[Brief descriptive captions]

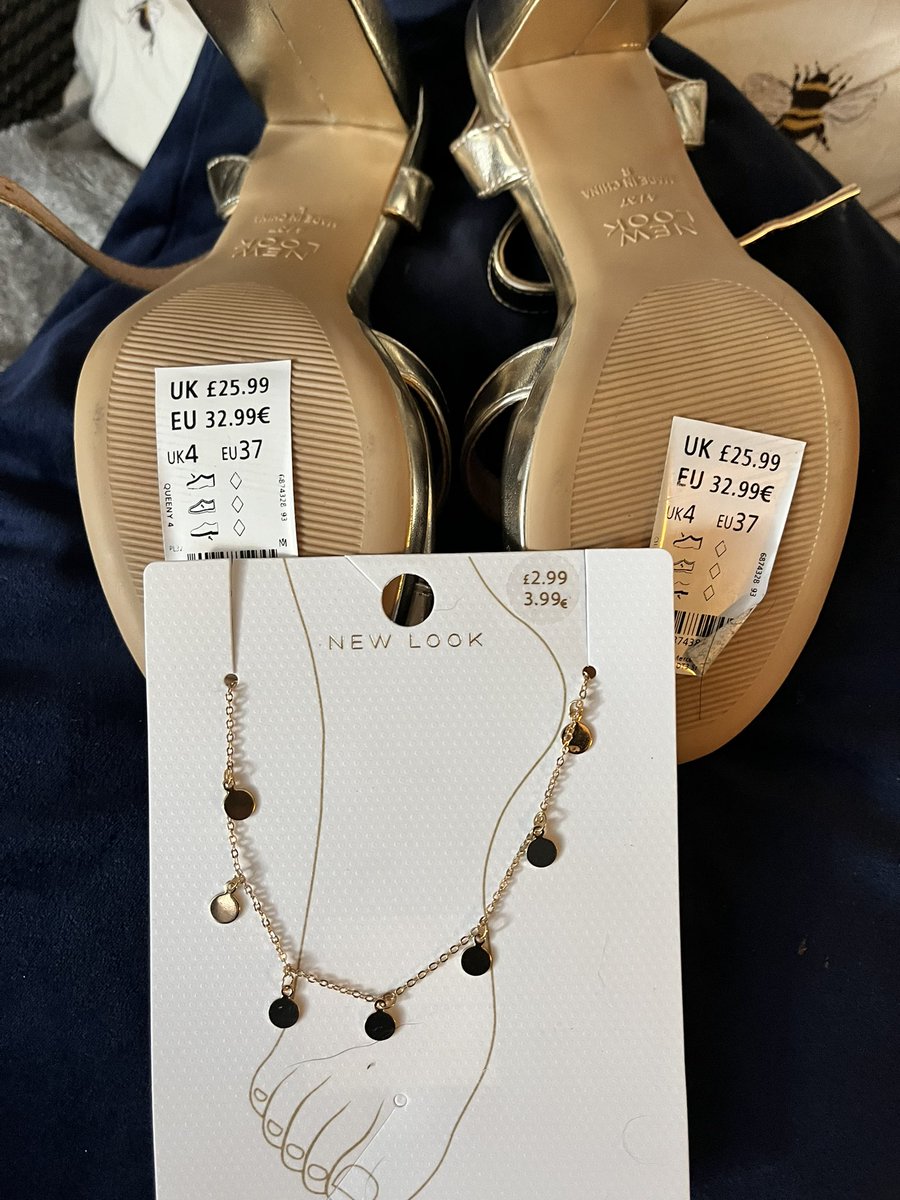 JessicaAlcock5's tweet photo. @NewLookHelp two items bought today, it wasn’t until I got home and realised the prices charged were not the prices advertised on said items! 
Wonder how many people have been overcharged for their purchase and not realised 🙄 very sneaky @newlook!! https://t.co/oInGqdF9k0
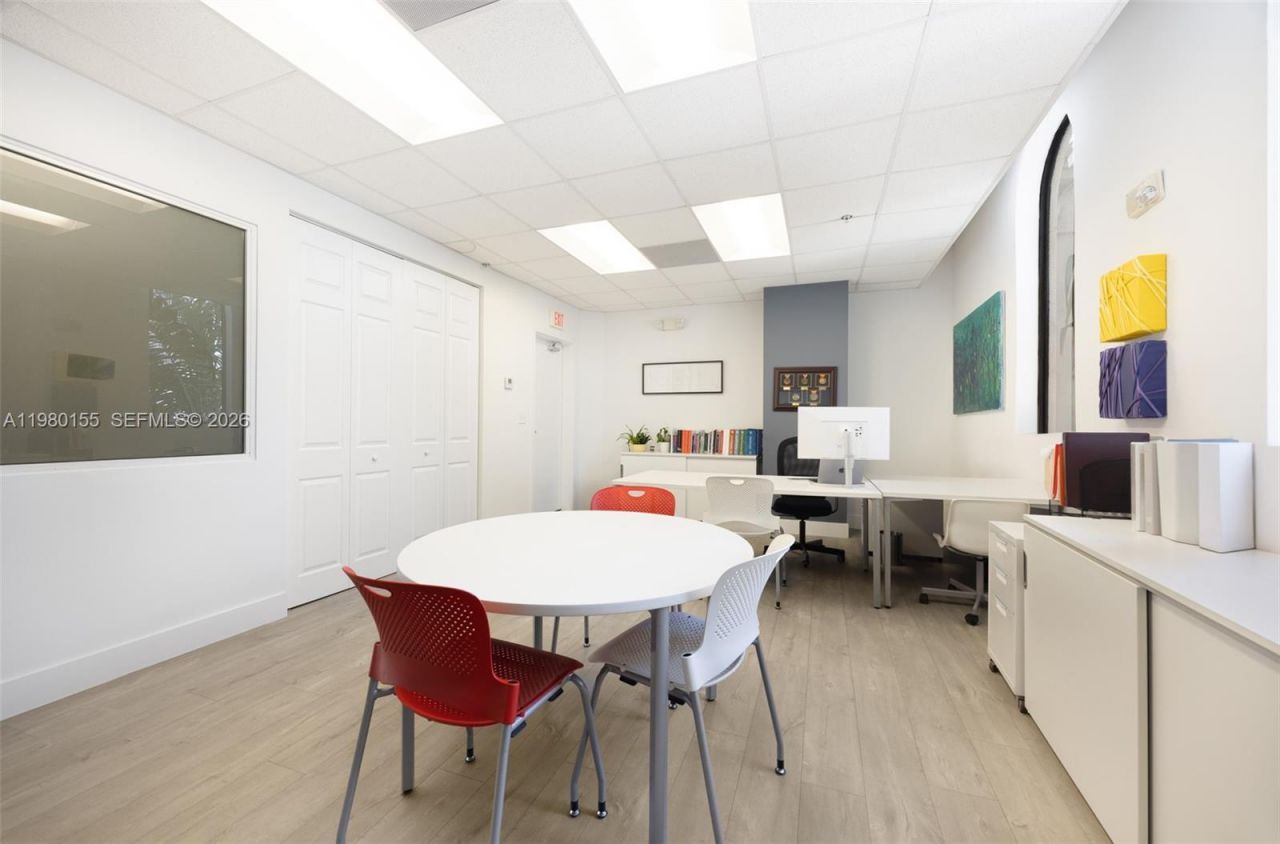 1805 Ponce De Leon Blvd , Unit 310, Coral Gables, FL 33134 Photo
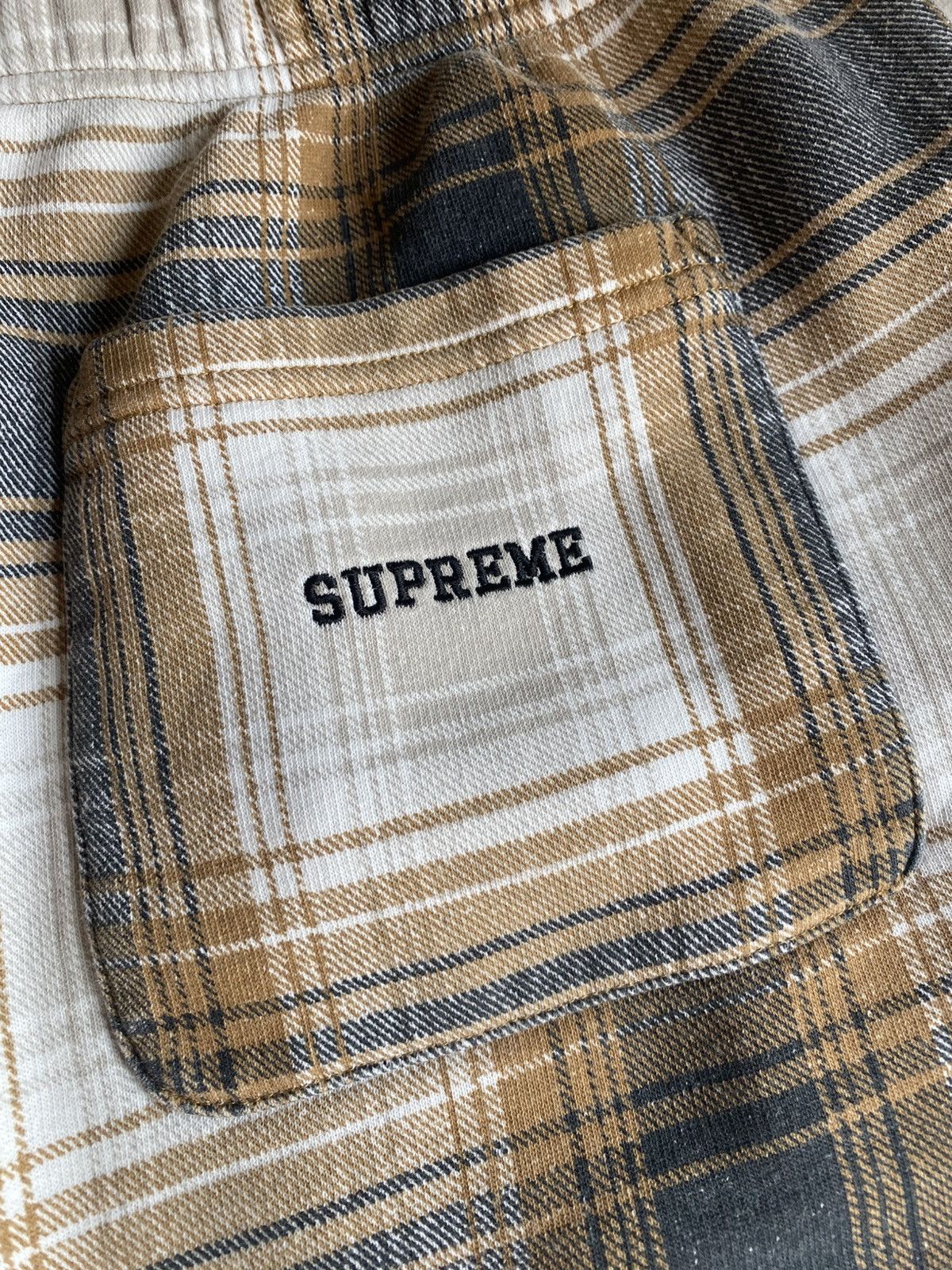 Nike × Supreme Supreme x Nike Plaid Sweatshort Size US 32 / EU 48 - 5 Thumbnail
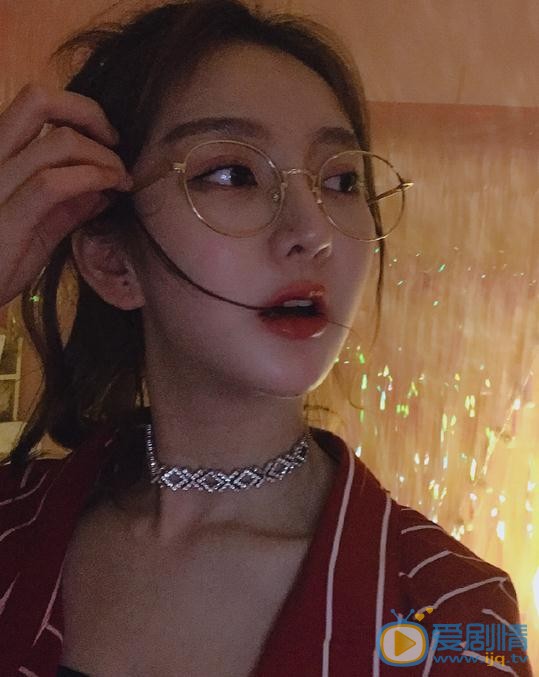 青钰雯生活照 青钰雯高清写真_青钰雯高清剧照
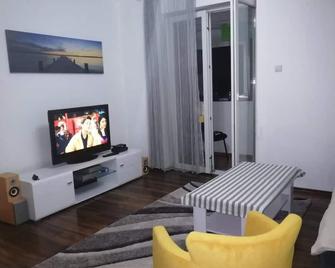 Yellow apartment, central Podgorica - Podgorica - Pokój dzienny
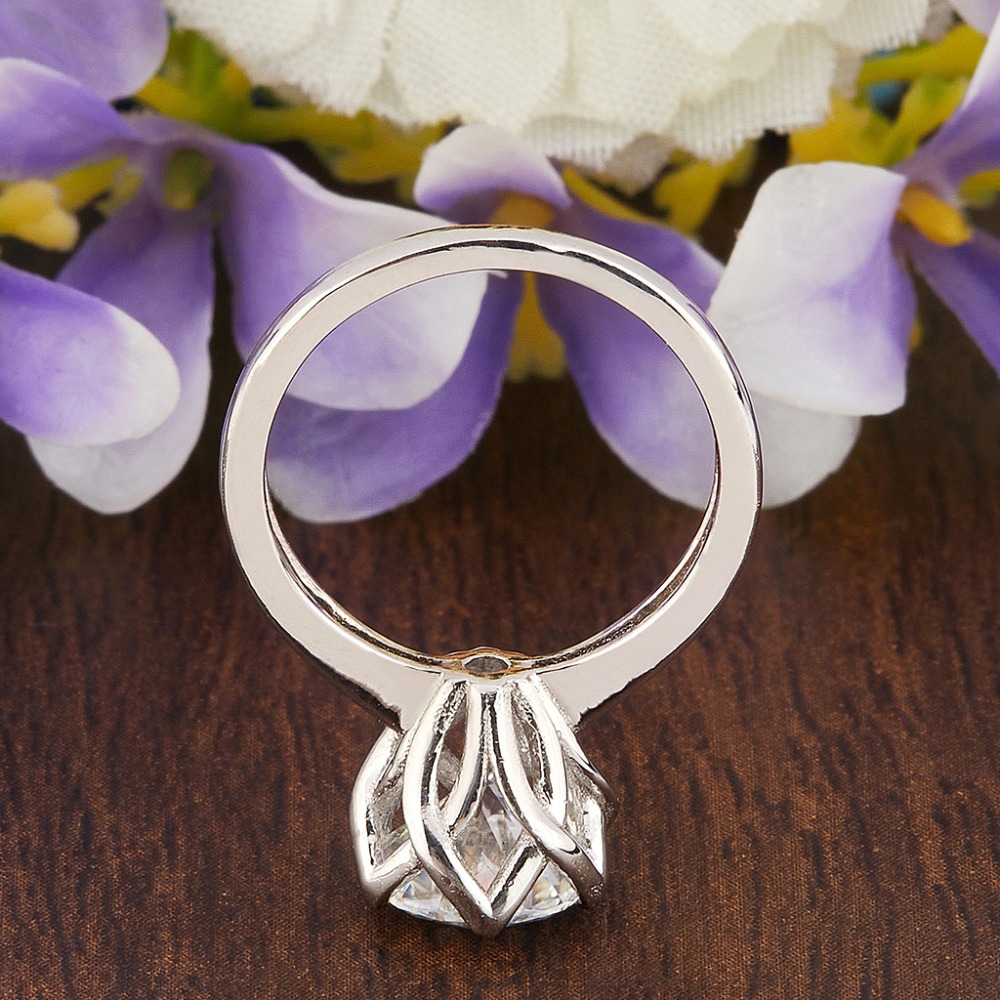 solitaire Moissanite Diamond Ring in Silver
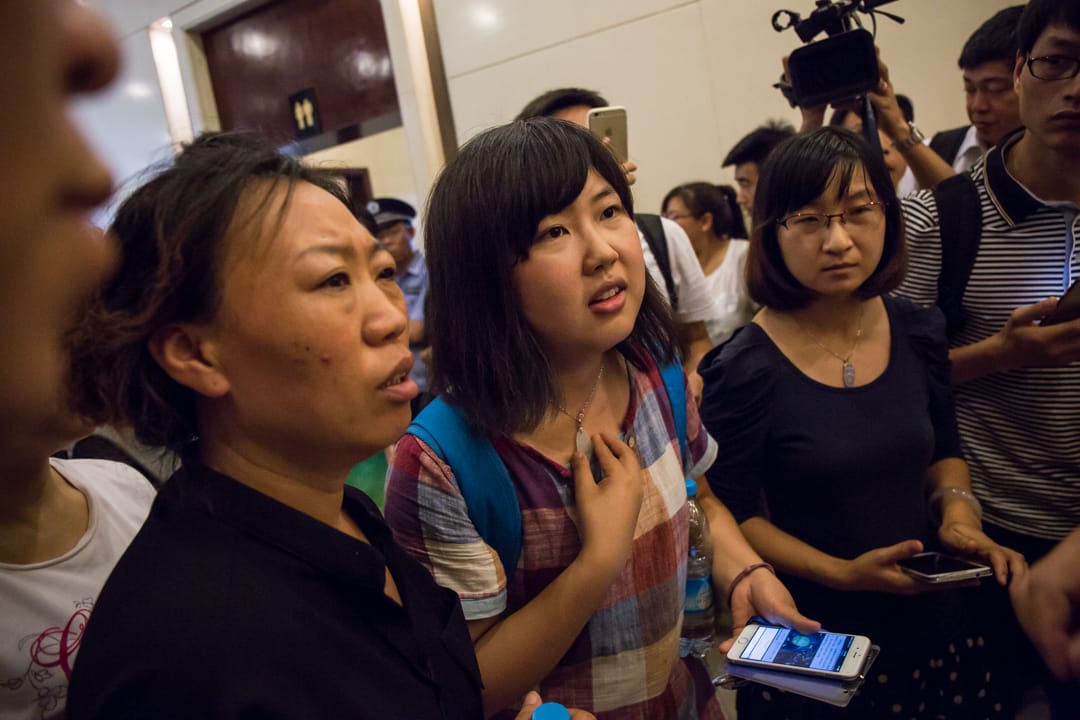 失縱的消防隊員家屬在發佈會後，要求政府人員幫忙。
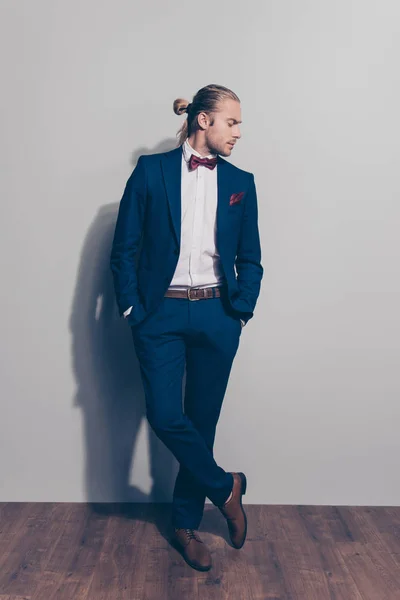 Ganzkörperporträt eines attraktiven, atemberaubenden Mannes im blauen Anzug mit Witz — Stockfoto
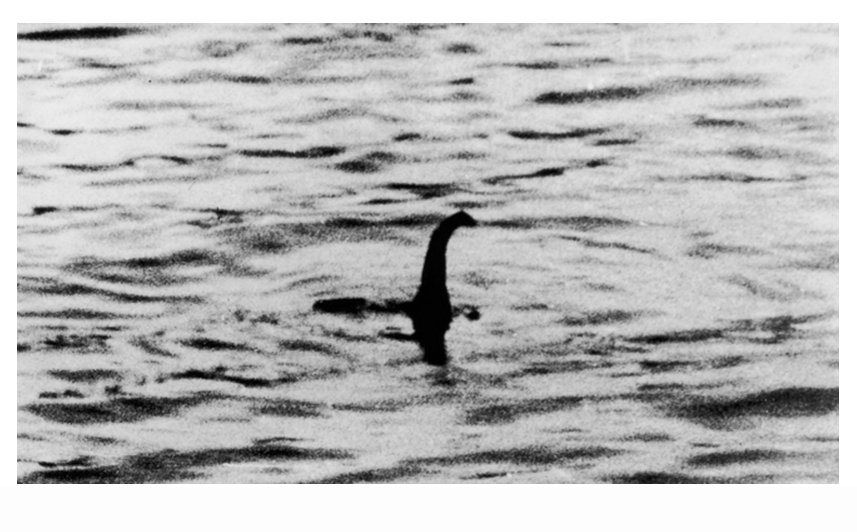 Fotografía realizada por Robert Kenneth en la que supuestamente se veía al monstruo del Lago Ness.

→ Work required
Exactly restate the lines from the one holding "失縱的消防隊員家屬在發佈會後，要求政府人員幫忙。" to the final line of the records above, including both and excluding pictures.

→ Expected output
 失縱的消防隊員家屬在發佈會後，要求政府人員幫忙。
 Ganzkörperporträt eines attraktiven, atemberaubenden Mannes im blauen Anzug mit Witz — Stockfoto
 Fotografía realizada por Robert Kenneth en la que supuestamente se veía al monstruo del Lago Ness.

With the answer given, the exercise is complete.